Democrats Seek to Seize Control of Deadlocked Michigan House in Special Elections

LANSING, Mich. (AP) -- Democratic lawmakers are hoping to win back a majority in the deadlocked Michigan House and regain control of the state government in two special elections on Tuesday.

Democrat Mai Xiong is taking on Republican Ronald Singer in District 13, while Peter Herzberg, a Democrat, faces Republican Josh Powell in District 25. Both districts are located just outside Detroit and are heavily Democratic, with the previous Democratic incumbents each having won by over 25 percentage points in 2022.

The lower chamber has been tied 54-54 between Democratic and Republican lawmakers since November, when two Democratic representatives vacated their seats after winning mayoral races in their hometowns. Democrats previously held a majority in both chambers along with control of the governor's office.

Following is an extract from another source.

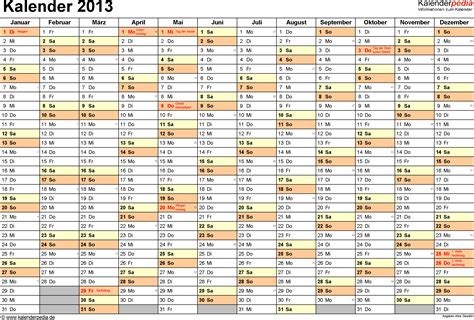 Dieser jahreskalender mit 12 monatszyklen gewährt eine gute vergleichbarkeit und übersicht über die einzelnen perioden. Kalender 2013 zum Ausdrucken als PDF (12 Vorlagen, kostenlos)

"These special elections will determine who controls the House here in Michigan and set the tone for November, when we will decide whether Democrats hold on to the state House," said Michigan Democratic Party Chair Lavora Barnes.

Democrats flipped both chambers in the 2022 midterms while maintaining control of the governor's office to win a trifecta for the first time in 40 years. They moved quickly to roll back decades of Republican measures and implement the party's agenda in their first year, including overhauling the state's gun laws.

Since the House deadlocked, Republicans have pushed to pass legislation they say is bipartisan, such as a government transparency package, which would open the Legislature and governor's office up to public record requests. But very little legislation has been passed. Democrats have been unwilling to accept a joint power-sharing agreement proposed multiple times by Republican House Leader Matt Hall over the past few months.

If both Democratic candidates win Tuesday, the party will regain control through the end of the year, with each seat in the House up for reelection in November. Either party would need to win both seats to gain a majority.

Xiong is a Macomb County commissioner who was endorsed in the primary by Gov. Gretchen Whitmer. Her opponent, Singer, ran for the seat in 2022 and lost to former state Rep. Lori Stone by 34 percentage points.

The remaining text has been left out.